The Trap for the Unwary Spouse
The petitioner (reasonably, it would seem at first blush) argued that the deduction was proper because the payments were made pursuant to his obligation to pay “alimony” under the divorce decree and were separate from the payments he made regarding his obligation to pay child support. Not so, contended the IRS. Because one of the contingencies that would terminate the payments was the petitioner’s youngest child’s 18th birthday, all payments were nondeductible child support payments. The Tax Court was ultimately persuaded by the IRS, sending alimony-paying spouses scrambling to read the terms of their own payment obligations.
The Nature of Alimony
A payor alimony may take a deduction for an amount equal to the alimony paid during the taxable year to the extent it is includible in the recipient spouse’s gross income under IRC § 71(a). IRC § 215(a); IRC § 215(b). Alimony must be a cash payment, to a spouse under a divorce or separation agreement, which agreement does not state that the payment is neither includible in gross income nor allowable as a deduction, made while the spouses do not cohabitate, and the payment obligation ends upon the death of the payee spouse. IRC § 71(b)(1).
The Child Contingency Exception
Critically, the amount of any payment (otherwise qualifying as alimony), which payment is subject to “contingencies involving child” will be considered payment made for the support of the child, not alimony. IRC § 71(c)(2). The final nail in the petitioner’s coffin was the inclusion in IRC § 71(c)(2)(A) of the examples of such contingencies, which examples specifically lists a child attaining a specific age.

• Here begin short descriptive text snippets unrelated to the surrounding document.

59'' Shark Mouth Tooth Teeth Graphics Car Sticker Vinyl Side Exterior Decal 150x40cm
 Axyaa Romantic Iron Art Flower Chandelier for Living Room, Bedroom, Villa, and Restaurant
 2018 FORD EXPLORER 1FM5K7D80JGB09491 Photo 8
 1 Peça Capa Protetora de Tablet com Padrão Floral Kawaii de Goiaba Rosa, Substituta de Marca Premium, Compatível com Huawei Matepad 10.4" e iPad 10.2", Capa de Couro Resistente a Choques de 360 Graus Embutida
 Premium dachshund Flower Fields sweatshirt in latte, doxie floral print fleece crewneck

Neither was this the first instance that the Tax Court had interpreted a similar clause. In Hammond v. Commissioner, T.C. Memo. 1998-53, *5, the taxpayer made monthly child support and alimony payments pursuant to a divorce decree, which contained, inter alia, a clause that terminated the obligation on his child’s 18th birthday. Like the petitioner in Biddle, the taxpayer in Hammond cried foul, arguing that the court specifically separated his child support obligations from his alimony obligations. Relying on IRC § 71(c)(2), the court found against the taxpayer as it did in Biddle. Id. at *8-*10.
Bright Line Rule
Even if judicial decree of divorce or separation distinguishes and allocates payments between “alimony” and “child support” payments, the designation means nothing if the terms of the payments designated as “alimony” contain an explicit contingency related to a child. If such a child-based contingency exists, all payments thereunder will be treated (for purposes of Federal income tax) as child support under IRC § 71.